**Data**
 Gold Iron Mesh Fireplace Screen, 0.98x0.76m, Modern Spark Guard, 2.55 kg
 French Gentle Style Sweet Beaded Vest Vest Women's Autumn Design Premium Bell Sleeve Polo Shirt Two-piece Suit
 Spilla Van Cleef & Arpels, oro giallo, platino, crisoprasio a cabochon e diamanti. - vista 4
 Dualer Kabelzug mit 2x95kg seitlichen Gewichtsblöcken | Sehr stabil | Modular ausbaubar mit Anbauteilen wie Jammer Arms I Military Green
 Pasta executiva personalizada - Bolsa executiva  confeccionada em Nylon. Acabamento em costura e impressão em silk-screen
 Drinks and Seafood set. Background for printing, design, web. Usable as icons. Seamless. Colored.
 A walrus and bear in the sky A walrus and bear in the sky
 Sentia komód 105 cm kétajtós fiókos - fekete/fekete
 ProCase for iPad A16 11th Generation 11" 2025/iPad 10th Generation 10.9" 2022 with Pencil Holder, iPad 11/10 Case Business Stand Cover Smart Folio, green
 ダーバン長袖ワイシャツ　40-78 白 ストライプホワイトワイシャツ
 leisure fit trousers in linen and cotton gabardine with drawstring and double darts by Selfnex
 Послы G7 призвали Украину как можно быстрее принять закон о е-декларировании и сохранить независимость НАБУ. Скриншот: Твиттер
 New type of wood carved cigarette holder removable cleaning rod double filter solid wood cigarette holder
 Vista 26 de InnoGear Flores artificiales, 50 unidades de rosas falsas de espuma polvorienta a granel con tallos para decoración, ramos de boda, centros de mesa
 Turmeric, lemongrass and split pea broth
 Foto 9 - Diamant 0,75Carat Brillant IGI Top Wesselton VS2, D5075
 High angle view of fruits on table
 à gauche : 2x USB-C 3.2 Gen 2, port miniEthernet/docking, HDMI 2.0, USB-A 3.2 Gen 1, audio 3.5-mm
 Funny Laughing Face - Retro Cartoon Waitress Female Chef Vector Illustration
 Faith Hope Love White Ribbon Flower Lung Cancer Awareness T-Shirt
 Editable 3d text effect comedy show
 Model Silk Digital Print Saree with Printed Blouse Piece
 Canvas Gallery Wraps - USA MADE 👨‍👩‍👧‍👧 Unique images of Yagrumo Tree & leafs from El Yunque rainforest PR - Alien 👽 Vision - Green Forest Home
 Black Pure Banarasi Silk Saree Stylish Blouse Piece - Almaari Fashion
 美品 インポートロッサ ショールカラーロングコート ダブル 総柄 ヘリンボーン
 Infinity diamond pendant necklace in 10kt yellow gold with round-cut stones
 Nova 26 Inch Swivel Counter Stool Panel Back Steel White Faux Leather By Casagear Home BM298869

**What you should do**
The lines above, starting at the one with "ProCase for iPad" and ending at the one with "Black Pure Banarasi", are the only ones to return, exactly as written.

**Answer space**
 ProCase for iPad A16 11th Generation 11" 2025/iPad 10th Generation 10.9" 2022 with Pencil Holder, iPad 11/10 Case Business Stand Cover Smart Folio, green
 ダーバン長袖ワイシャツ　40-78 白 ストライプホワイトワイシャツ
 leisure fit trousers in linen and cotton gabardine with drawstring and double darts by Selfnex
 Послы G7 призвали Украину как можно быстрее принять закон о е-декларировании и сохранить независимость НАБУ. Скриншот: Твиттер
 New type of wood carved cigarette holder removable cleaning rod double filter solid wood cigarette holder
 Vista 26 de InnoGear Flores artificiales, 50 unidades de rosas falsas de espuma polvorienta a granel con tallos para decoración, ramos de boda, centros de mesa
 Turmeric, lemongrass and split pea broth
 Foto 9 - Diamant 0,75Carat Brillant IGI Top Wesselton VS2, D5075
 High angle view of fruits on table
 à gauche : 2x USB-C 3.2 Gen 2, port miniEthernet/docking, HDMI 2.0, USB-A 3.2 Gen 1, audio 3.5-mm
 Funny Laughing Face - Retro Cartoon Waitress Female Chef Vector Illustration
 Faith Hope Love White Ribbon Flower Lung Cancer Awareness T-Shirt
 Editable 3d text effect comedy show
 Model Silk Digital Print Saree with Printed Blouse Piece
 Canvas Gallery Wraps - USA MADE 👨‍👩‍👧‍👧 Unique images of Yagrumo Tree & leafs from El Yunque rainforest PR - Alien 👽 Vision - Green Forest Home
 Black Pure Banarasi Silk Saree Stylish Blouse Piece - Almaari Fashion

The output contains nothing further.